Computer programs promise to teach your kids everything from math to music lessons. But do they deliver?
From the time Jim Forbes’ two daughters were preschoolers, they couldn’t get enough of a software program called Kid Pix. They’d use it to draw pictures and make up stories, adding digital stamps and text bubbles. “It allowed them to muck around with art when we didn’t have resources [for lessons],” he says. In time, the kids moved on to fooling around with images in Adobe Photoshop and crafting cinematic adventures using Apple’s iMovie — but for years they would keep coming back to Kid Pix, a simple, intuitive program that first got them interested in being creative.
Forbes, who has spent more than 20 years as a principal in public schools around suburban Toronto, has watched computers grow from a novelty to an integral part of kids’ lives. “Our initial concern with technology was that it would isolate students,” he says. Instead, at its best, technology has become an essential tool for communication and education that helps kids practise new skills, discover new interests and share their creative experiments with friends. There are dozens of programs that will help your child learn to play violin, speak Spanish or dance like a hip hop star. But can any of them take the place of lessons with a real, live teacher?
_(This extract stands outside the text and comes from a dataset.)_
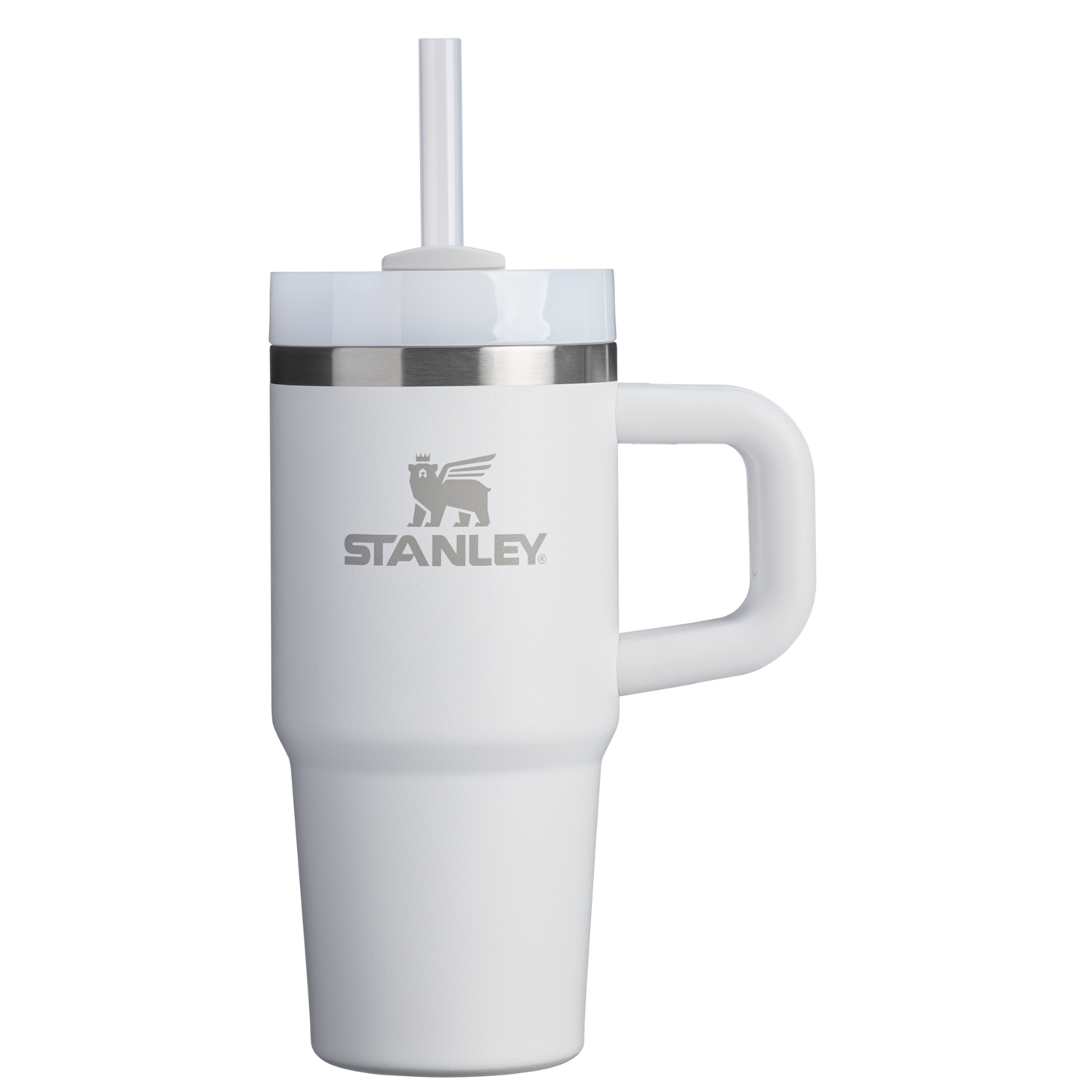 Splash-Resistant FlowState The Quencher H2.O Flowstate Tumbler | Stanley Create D291F - Double-Wall Vacuum Insulated Travel Tumbler with Straw - Frost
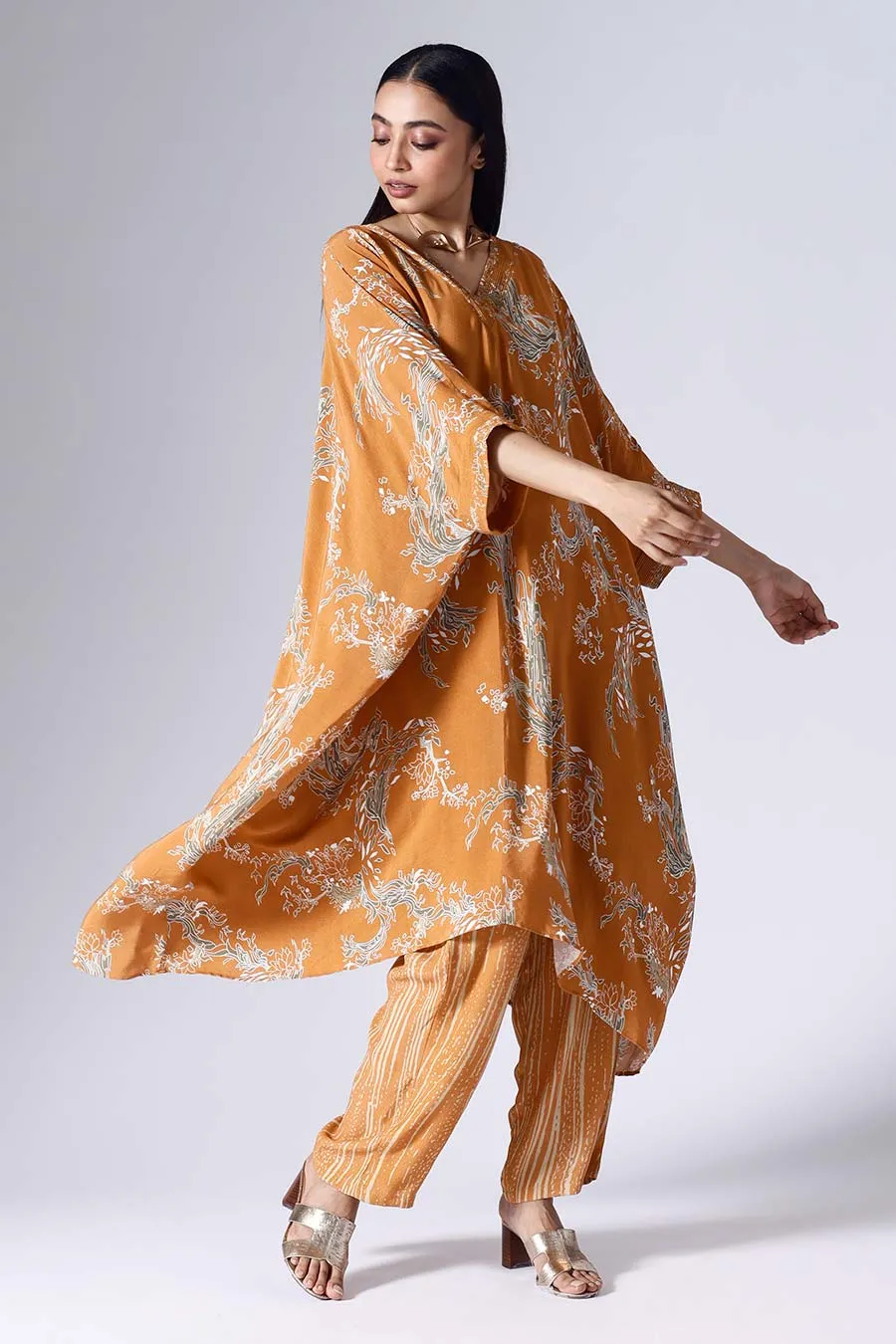 Orange Lotus Long Kaftan Set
Cyberteachers vs. real teachers
Answering that question isn’t easy because each program’s features, interactivity and basic methodology affect how good it is at teaching. You can find software that incorporates all kinds of bells and whistles, from video-conferencing sessions with teachers to collaborative online projects, but some of the best tools simply focus on doing one thing well. Dan Lang, an entrepreneur who has worked in educational software for almost a decade, finds that music and languages are where current products for kids shine. “Really good software has the ability to monitor what someone’s learning and give them immediate, corrective guidance as they’re doing it,” he says. For example, the language-learning series Tell Me More, from French company Auralog (auralog.com), comes with speech recognition: A student speaks into the microphone and the software instantly corrects his pronunciation.